Still, the ballooning in credit spreads from last year's market turmoil is now shrinking. Standard & Poor's says its composite investment-grade spread stood at 266 basis points on July 30, after getting as wide as 578 basis points last year, and the speculative grade composite spread stood at 885 basis points, after expanding to 1,754 basis points.
As those spreads have narrowed, issuance has revived: S&P puts global corporate bond issuance in the first half of the year at a record $1.79 trillion. But 80% of that was done by investment-grade companies and about 30% involved some sort of government guarantee. Of the $595 billion of corporate bonds issued in the United States, just $53 billion, or 9%, was sold by non-investment grade companies.
“Investment-grade issuers have been able to access the market pretty readily over the last several months,” says Mark Oline, head of the corporate finance group at Fitch Ratings. “If you migrate down the credit curve, the high-yield market is more open than it has been, but it has primarily focused on the stronger, double-B names. But we have seen issuance spread to single-B issuers as well.”

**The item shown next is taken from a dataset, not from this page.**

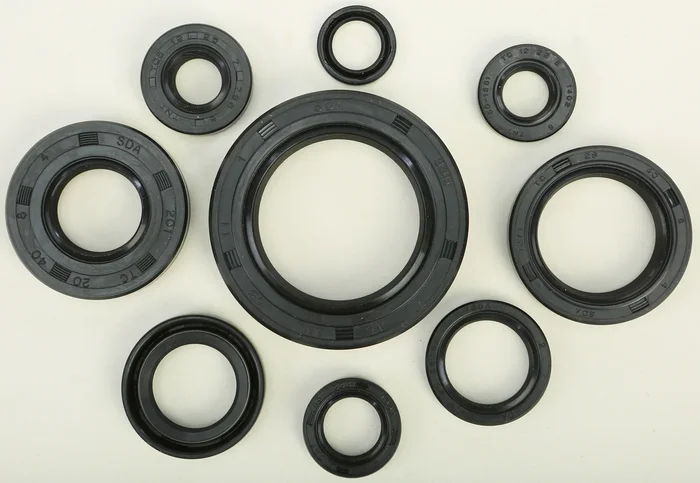 VERTEX 822109 Oil Seal Kit - High-Quality Gasket Set for Powersports Equipment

Non-investment-grade companies are also still largely closed out of the loan market, Oline says. “We are seeing some extensions, where companies are able to work with their bank group and in exchange for higher financing, they're able to extend their maturities.” But banks can no longer unload such loans to the purveyors of collateralized loan obligations (CLOs), which used to soak up as much as 70% of the non-investment-grade loans that banks originated, Oline says, “so that has resulted in a dramatic reduction in lending capacity.”
The constrained loan market also reflects tighter bank lending standards. The latest Fed survey of bank loan officers, in April, showed some moderation on that front, though; just 40% of banks had tightened their lending standards for commercial and industrial loans over the previous three months, down from the 65% that said they had done so in the January survey.
Even as corporate bond spreads tighten and banks become less stringent, Main Street's perception of the availability of credit will lag, says Cary Leahey, a senior managing director at Decision Economics. “Main Street is dominated by smaller businesses and they have virtually no ties to the capital markets, where we've seen the bulk of the improvement. The small guys are just getting killed.”
At the short end, the commercial paper market, also the province of larger companies, continues to contract, with the amount outstanding totaling just $1.066 trillion as of July 29. That's less than half the $2.2 trillion outstanding in August 2007, on the eve of the credit crisis. Kalish notes that commercial paper has suffered a “double whammy,” as the recession dampens corporations' need to borrow and the financial crisis leaves investors wary of buying any but the safest of securities.
Leahey notes, though, that while the amount of paper outstanding continues to decline, the share of that paper issued with government backing is also shrinking. As of July 23, the Federal Reserve's Commercial Paper Funding Facility had outstanding issuance of just $110.5 billion, down from $349.9 billion at the program's peak in January.